As soon as the guards had gone, I left the barge with hugs and tears and prayers for good luck from the bargee’s wife, and set out for the Vatican through the old, winding streets that netted the Campo Marzio. This was normally the most crowded quarter of the city, where people had lived, said the historians, since before the days of Aeneas. And some of the houses looked at least that old, retorted the wags. But today it was virtually empty, the narrow, rutted walks and slipshod tiled roofs left to the cats and dogs and pigeons. The lower reaches of the walls still carried tidelines of dried salt from recent flooding. Split rice sacks and broken down log piles littered back yards and passages between buildings. When the Tiber flooded, the people here usually sought shelter in the Castel Sant’Angelo, whose raised aspect and curtain walls afforded protection from the river.

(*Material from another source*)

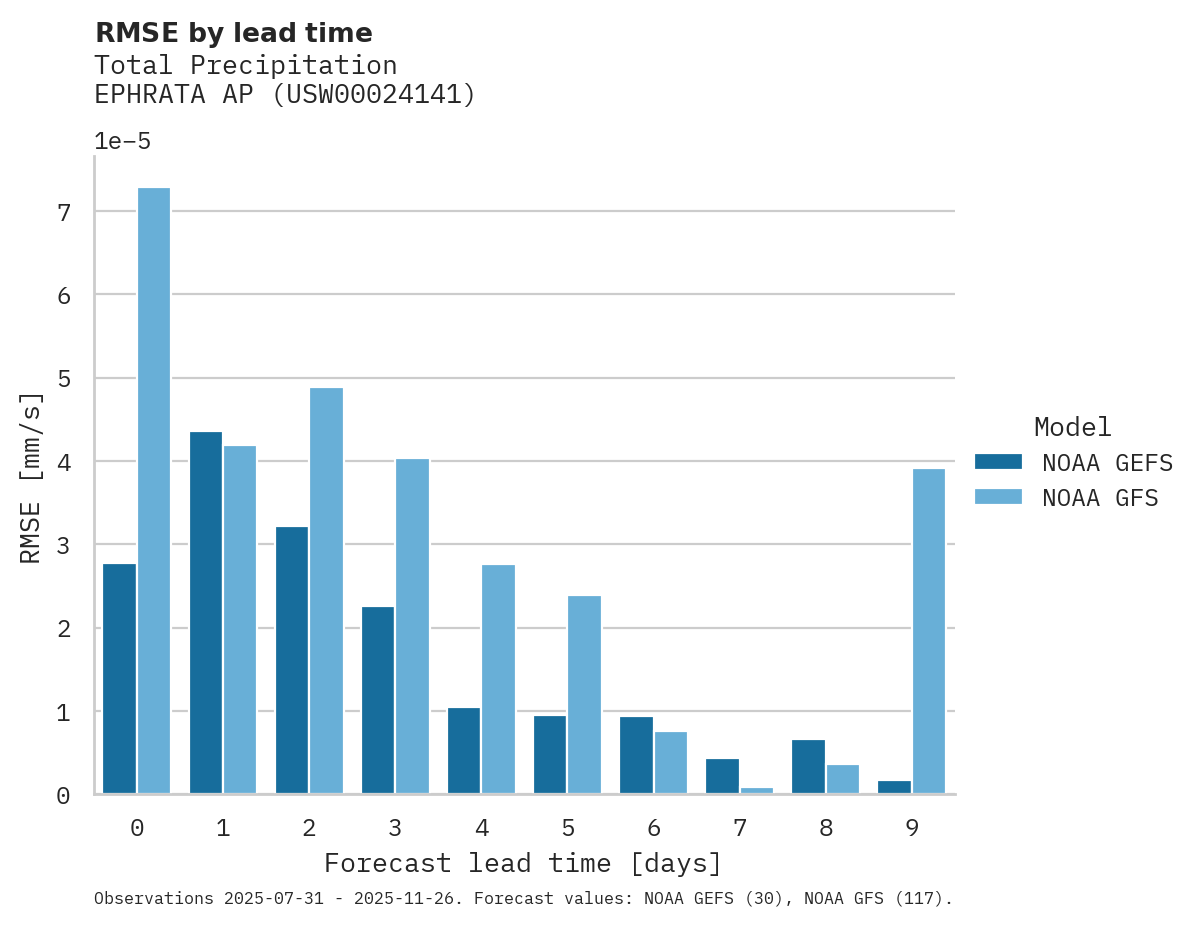 Precipitation RMSE by lead time for EPHRATA AP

But they usually came out again as soon as the water began to fall. Where were they now? What had happened here? I shivered and Girolamo, catching my mood, started to grizzle. I sat down to feed him leaning against the parapet of a well, where I washed my face and feet, though did not drink for fear the water had been spoiled by the flood. I knew San Clemente was just around the next corner, bordering one side of the
piazzale
which gave the palace its name.
All the street windows were shuttered, and sunk in late afternoon shadow, giving my lover’s home an aspect both hostile and forlorn. I felt instantly he could not be there, though a gaggle of men milled about in front of the barred street door and four bronze mortars were drawn up in the
piazzale
, mouths gaping at the row of arcaded shops opposite. As I paused, hesitating whether to speak to the guards or simply make my way to the Vatican, one of them detached himself from the group. Though he walked in my direction, I was clearly not the object of his attention for he did not see me until I thought I would have to step out of the way to let him pass. He was a tall man, with curling, red-tinged hair and a face dominated by a narrow, aquiline nose. His neat beard disguised a somewhat weak chin. He was extravagantly dressed, in padded hose, slashed sleeves, and gloves with jewelled cuffs. When he caught sight of me, his large, protuberant eyes widened and his already pale complexion blanched as though he had seen a ghost.